Peleadores como Ilia Topuria, Justin Gaethje, Alex Pereira y Ciryl Gane acudieron al despacho oval en una imagen poco común en la que las estrellas del octágono se colocaron al lado del poder político estadounidense.
La reunión no fue casual. Forma parte de la estrategia para impulsar el evento conocido como UFC Freedom 250, programado para el 14 de junio en los jardines de la Casa Blanca.
UFC busca realizar un espectáculo sin precedentes, por lo que trata de mezclar simbolismo patriótico, entretenimiento y artes marciales mixtas. Incluso el propio Trump ha promovido la función como una de las más grandes en la historia del recinto presidencial.

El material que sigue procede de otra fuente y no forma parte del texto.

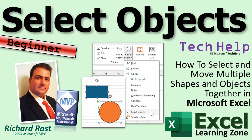Welcome to another tech help video brought to you by Excellearningzone.com. I'm your instructor Richard Rost. In today's video, I'm going to show you how to select and move multiple shapes and objects together at the same time in Microsoft Excel.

Pero más allá del espectáculo, la imagen deja una lectura clara: la UFC se ha convertido en un escenario donde también se proyecta poder político.
Durante el encuentro, el presidente de los Estados Unidos participó activamente en la narrativa del evento, comparando la mentalidad de los artemarcialistas con temas de política internacional y utilizando el escaparate mediático del deporte para reforzar su discurso.
La cercanía entre el mandatario y la UFC no es nueva. Su relación con el presidente de la empresa, Dana White, ha sido clave para consolidar esta alianza que hoy alcanza un nuevo nivel al llevar una cartelera al corazón del gobierno estadounidense.
Así, lo que antes era solo deporte ahora también es narrativa política. La visita de los peleadores a la Casa Blanca refleja cómo la UFC se ha convertido en una plataforma donde el espectáculo, el poder y la política se cruzan directamente, llevando la pelea más allá del octágono.